Over his relatively young career, the Catalan filmmaker has established himself as an understated master of the genre, managing to find quietly accomplished feats in the most familiar of action beats. He’s a director with a masterful understanding of how to use location to shape set pieces, just as he uses character to fuel them – and Liam Neeson has become the muse through which those talents have been focused.
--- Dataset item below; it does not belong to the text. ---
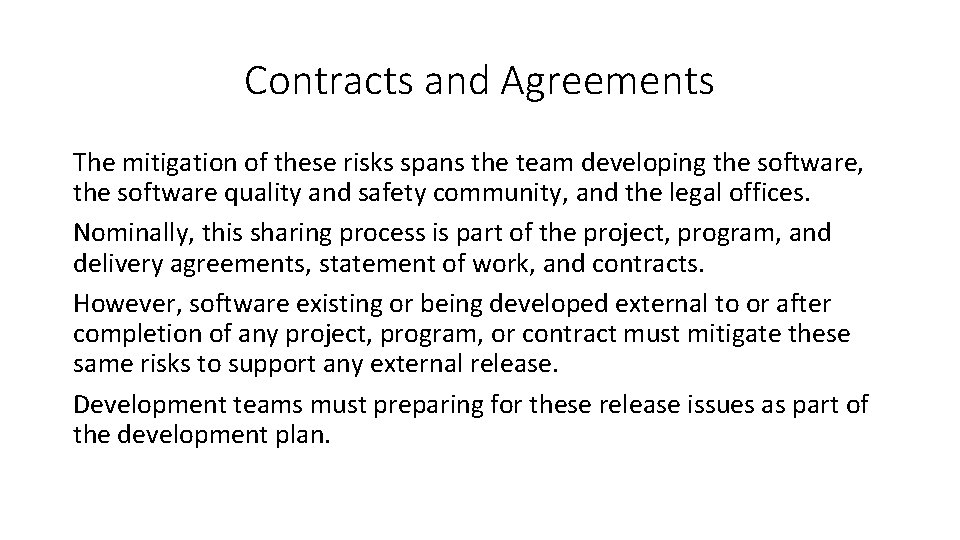 Contracts and Agreements The mitigation of these risks spans the team developing the software,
Here, he plays yet another variation on Angry Liam, the violent old man with a penchant for taking drastic action to achieve a noble goal. In the case of The Commuter, he’s Michael MacCauley, a former police officer turned insurance salesman, a family man with a wife and son. One day, though, on his journey from Grand Central Terminal back to TarryTown, his routine is interrupted by Joanna (Vera Farmiga), a woman who has an unusual proposal: find someone named Prynne on the train and plant a tracker on them, and he gets $25,000 cash. It’s a tempting offer, arriving as it does mere hours after he’s fired by his insurance company – but he soon finds he doesn’t have a choice, as his family are placed in danger, unless he does what he’s asked.
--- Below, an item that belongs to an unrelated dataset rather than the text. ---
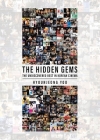 The Hidden Gems: The Undiscovered Best in Korean Cinema By Hyounjeong Yoo Cover Image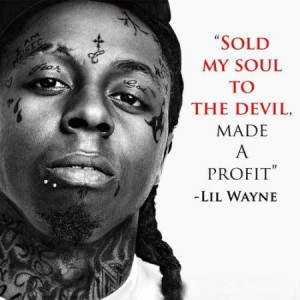 Sold my soul to the devil, made a profit. | Lil Wayne Picture Quotes ...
There’s a certain economy of scale that keeps this silliness on rails, from the way the script swiftly establishes the regulars in each carriage – Better Call Saul’s Jonathan Banks is ideally cast as a convincingly world-weary passenger – to the rapid narrowing down of our potential suspects (mostly via punching). A quick drink with a former cop partner (Patrick Wilson) and an early cameo from Sam Neill as the department’s new police chief also make sure we know who to trust for reliable information.
Neeson, of course, is comfortably at home by now in these short-hand scenarios, able to bring a gruff sincerity to the part of an ageing family man, combining his physically intimidating frame with a gravelly, broken voice. Building on his now familiar action persona, we only need to see him on camera for a few minutes to be on his side. But those few minutes are where Collet-Serra already makes his presence behind the camera felt, as he crafts a beautiful opening montage that jump-cuts between mornings spanning a decade, each one giving us another hint of MacCauley’s emotional state and personal backstory. It’s visually impressive, emotionally effective and, most of all, highly efficient.
That technical precision is evident throughout, as Collet-Serra choreographs a different kind of fighting style for Neeson compared to their previous films and adapts his camera to match; where Non-Stop relied upon its lead’s proficiency with guns and a floating sense of zero gravity, The Commuter bases its skirmishes in unflashy fist fights from a man who isn’t in shape, and the camera pummels through walls and windows with a grounded, visceral wallop. Michael spends more time being beaten up than beating other people up, and Collet-Saura’s dynamic camera-work makes sure we feel each blow. He and his DoP even use a brand new lens technology, called Cinefade, that allows him to pull focus dramatically on Neeson’s face, the sudden shift from a deep to shallow field picking out the lines on our protagonist’s skin and tying us intimately to his worldview, as the rest of the screen blurs into the background.
It’s those small touches that elevate The Commuter above a generic run-of-the-mill thriller. Throw in a screenplay that celebrates the coming together of a diverse group of travellers – and the insulting dismissal of a wealthy stock broker – and you have an exciting outing that refuses to hit the brakes. The final act isn’t the most original destination, but it’s the journey that matters. And when Jaume Collet-Serra’s in the driving seat, and Liam Neeson is throwing punches, that’s a ride well worth taking.